For multilingual mathematical tasks (MGSM), the average result is 84.80 versus 64.53 for Qwen3-8B. On long context tasks, RULER-128k shows 82.22 points.

Evaluation results highlight competitive accuracy compared to other open small models. Tested in “reasoning enabled” mode using the NeMo-Skills suite, Nemotron-Nano-9B-v2 achieves 72.1 percent on AIME25, 97.8 percent on MATH500, 64.0 percent on GPQA and 71.1 percent on LiveCodeBench.

Across all directions, Nano-9B-v2 shows higher accuracy than Qwen3-8B — the general comparison point. As shown in the technical report, NVIDIA’s reasoning model Nemotron-Nano-v2-9B achieves comparable or better accuracy on complex reasoning benchmarks than the leading comparable-sized open model Qwen3-8B while increasing throughput up to 6 times.

Deployment Features and Usage

NVIDIA-Nemotron-Nano-9B-v2 represents a versatile model for reasoning and dialogue tasks, designed for use in English and programming languages. Other non-English languages (German, French, Italian, Spanish and Japanese) are also supported. The model is optimized for developers creating AI agents, chatbots, RAG applications and other AI applications.
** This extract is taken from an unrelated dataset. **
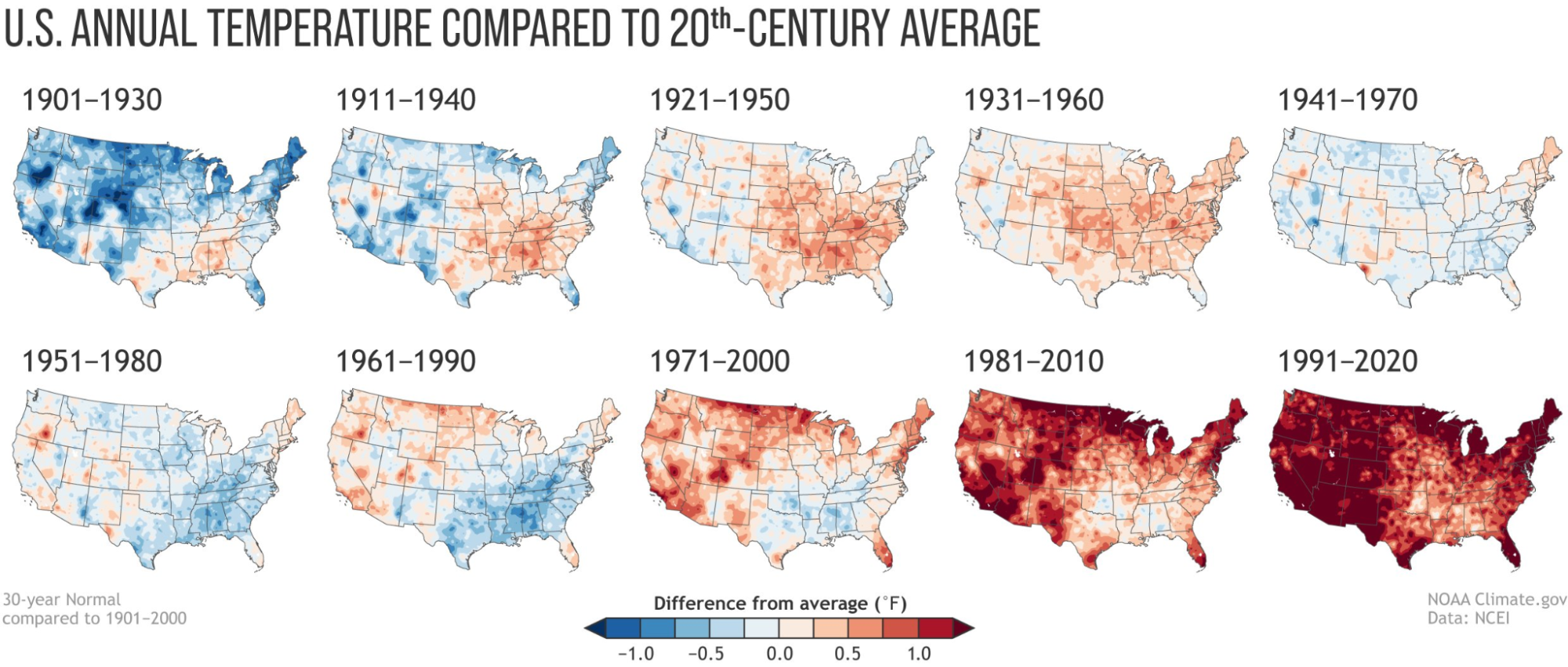 Notice the 30 year normals have been getting warmer, particularly over the past 40 years.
For correct operation, the –mamba_ssm_cache_dtype float32 flag is required to maintain response accuracy. Without this option, model accuracy may decrease. The model supports context up to 128K tokens and works with 15 languages and 43 programming languages.

NVIDIA Nemotron Nano 2 Reasoning Budget Control

Results of reasoning budget control testing for Nemotron Nano 2 under various token constraints

Results of reasoning budget control evaluation for Nemotron Nano 2 under various token limitations (Figure 4, page 9)
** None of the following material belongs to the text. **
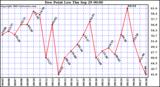  Dew Point Low			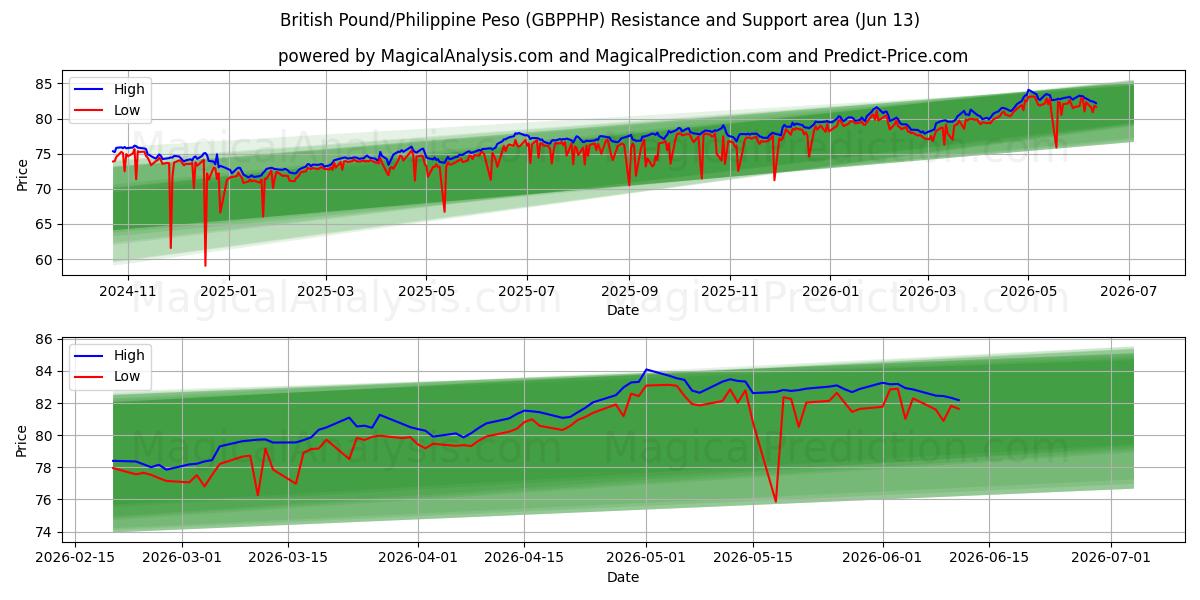  الجنيه البريطاني/البيزو الفلبيني (GBPPHP) Support and Resistance area (11 Jun)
A feature of Nemotron Nano 2 is the ability to specify the number of tokens the model can use for reasoning during inference. The model by default generates a chain of reasoning before providing the final answer, though users can toggle this behavior through simple control tokens such as /think or /no_think.

The model also introduces runtime “thinking budget” control, allowing developers to limit the number of tokens devoted to internal reasoning before the model completes the response. This mechanism aims to balance accuracy and latency, which is particularly valuable for customer support applications or autonomous agents.

License

The Nano-9B-v2 model is released under the Nvidia Open Model License Agreement. The license is explicitly designed for commercial use. NVIDIA does not claim ownership of any outputs generated by the model, leaving full rights and responsibility with the developer.

Nemotron-Nano-9B-v2 is released along with corresponding base models and most pre-training and post-training data on HuggingFace as part of the Nemotron-Pre-Training-Dataset-v1 collection, containing 6.6 trillion tokens of premium web crawling, mathematics, code, SFT and multilingual Q&A data.